次のマーカーを目指して飛ぶ。次のマーカーを目指して飛ぶ。次のマーカーを目指して飛ぶ。
とにかく飛んだ。
ジェネレーターに負荷をかけたくない。
けど、できるだけ速く飛びたい。
だから出力を90%まで上げて飛んだ。
驚いた。出力90%で飛び続けても、ジェネレーターの温度も、内圧も、安定度も、全部正常範囲内だ。

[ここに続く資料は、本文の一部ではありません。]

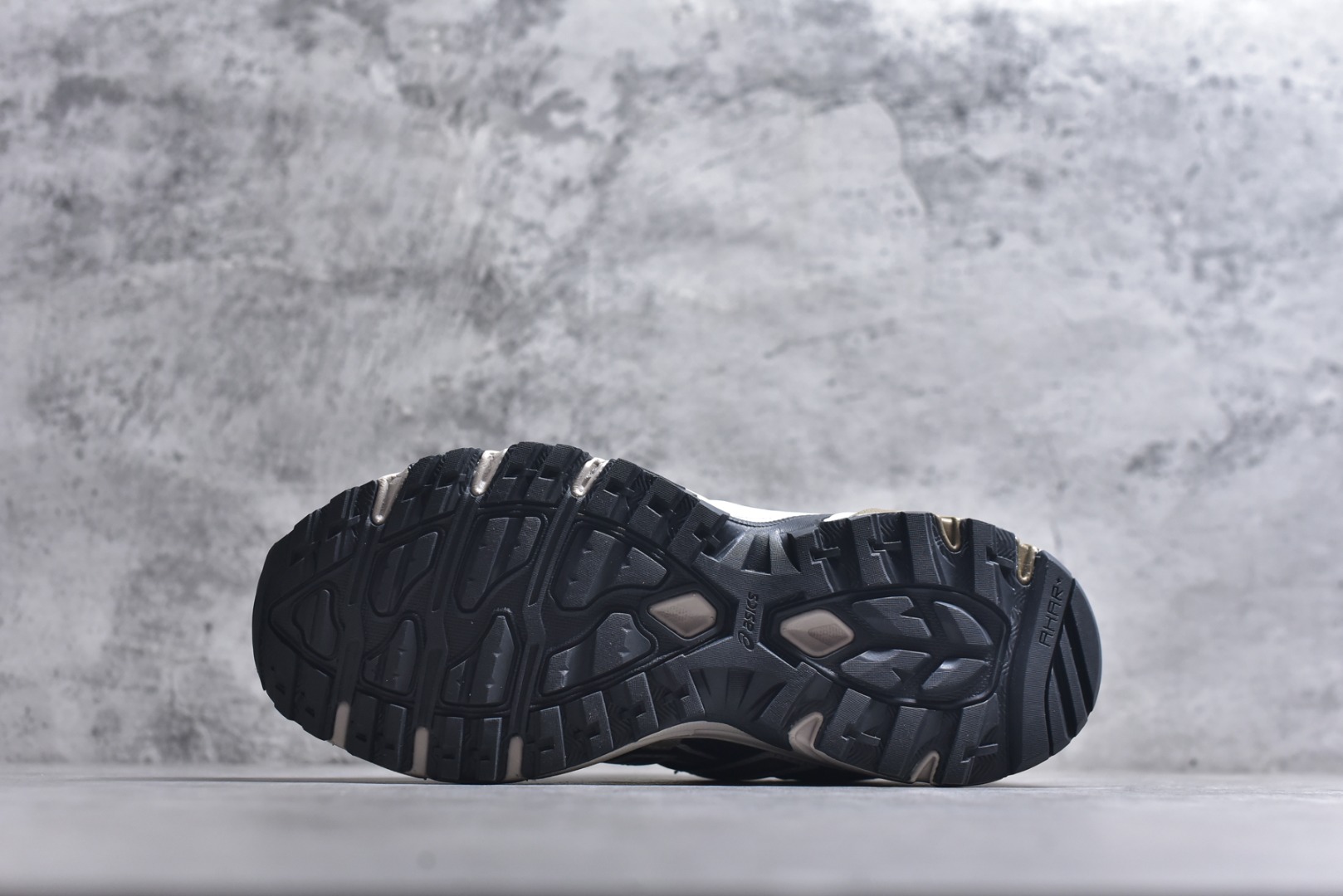 图片[6]-#ASICS Gel-Sonoma TR62 出行 百搭通勤减震防滑 低帮 休闲训练跑步鞋 男女同款 ASICS（亚瑟士）是日本实业家鬼冢喜八郎创立的跑鞋运动品牌，名字想法源自著名的拉丁谚语“AnimaSana In Corpore Sano”，意为“健全的精神寓于强健的体魄”。正如其名字的含义，ASICS亚瑟士一直坚信保持身体的健康与活力是打造健康快乐的生活方式的最佳途径。亚瑟士的跑鞋、篮球鞋等系列集专业与美貌于一身，拥有极高的热度。2016年，ASICS在“2016年日本最佳全球品牌”排行榜名列第17名。尺码：36 37 37.5 38 39 39.5 40 40.5 41.5 42 42.5 43.5 44 45-选品中心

先輩が描いた設計図のほとんどそのままに作ったジェネレーター。
先輩はどんな化け物を考えてたんだ?
昼も夜もない。
ひたすら飛び続ける。
何日飛んだのか分からなくなる。
新聞記者ともほどんど話さない。けど、新聞記者は時々、なにかを手帳に書き込んでた。
マーカーのひとつを通った。
最後のマーカーだと表示された。
次の目的地はブルックリンクサーキット、ゴール、だ。
ブルックリンクサーキットに向かってさらに飛ぶ。
どれくらい飛んだか。サーキットが見えてきた。
どんどん近づく。
けど、何かおかしい。
ゴールを祝いたたえ合うチームメンバーたち、スタッフたち、それに大勢の観客。
全部ない。
完走はできたんだろう。でも、遅すぎたみたいだ。
誰もいないサーキットのコントロールラインを通過。
ノーマルコースを一周してピットイン。
誰もいないピット、もちろんシャッターは下ろさせててる、にディケイドスピーダーを止めた。
記録はどうでも良い。こんな終わり方でも……。
「良いんじゃね? あんたは良くやったよ」
新聞記者が声をかけてくれた。
ディケイドスピーダーに寄りかかって、新聞記者と一緒に空を見上げた。
何もない空が広がってた。
突然、バタンッと大きな音がした。レースコントロールルームに続くドアが開けれた。
ドアからたくさんのレースコントロールスタッフが出てきた。
アタイたちの方に走り寄ってくる。
「おい、君たち!
レースログを見せてもらおう!」
スタッフのひとりが言った。
「ああ」
機体からロガーを取り外してスタッフに渡した。
スタッフはレースログ確認用の端末にロガーをつないだ。
端末に表示されたログをスタッフたちが見る。
「信じられん」
「しかし改竄はまったくない」
「本物だ」
「どうすればこんなことが」
「不可能だ」
「だが、できたのは事実だ」
スタッフたちはログを見て次々に驚きの声を口にした。
スタッフの全員がログをチェックした後、言葉がなくなった。
静かな中で責任者らしき人が言葉を紡いだ。
「君たちは総合優勝だ!
しかも、レースレコードを一日以上更新してだ!」
その瞬間、コントロールラインの上に巨大なチェッカーフラッグが現れた。
ファンファーレがサーキットに響いた。
何が起こったのか? 状況を理解できない。
右手の甲に鈍い痛みが走った。
手の甲にあった黒い模様が消えていた。
その痛みでちょっと冷静になれた。
総合優勝をしてしまった、らしい。
新聞記者が浮かれた声で言った。
「やっぱりあんた、おもしろいやつだったな。
じゃ、俺は行くわ」
「は?
行くってどこに?
表彰式はどうするんだ?」
新聞記者は何を言いたいんだ?
「表彰されるのは、あんたとあんたのマシンだ。俺じゃねぇ。
それに俺は『エントロピージェネレーター、実用化に成功』、特ダネを記事にせにゃならん」
そう言って新聞記者は去っていった。
涙が流れそうになった。だから空を見上げた。
はてしなく大きな青空が広がってた。
総合優勝? レースレコード?
そんなのはどうでも良い。
ただ、先輩と一緒に喜びたかった。
涙が頬を流れた。
涙は切なくて、悲しかった。でも、嬉しくて、誇らしかった。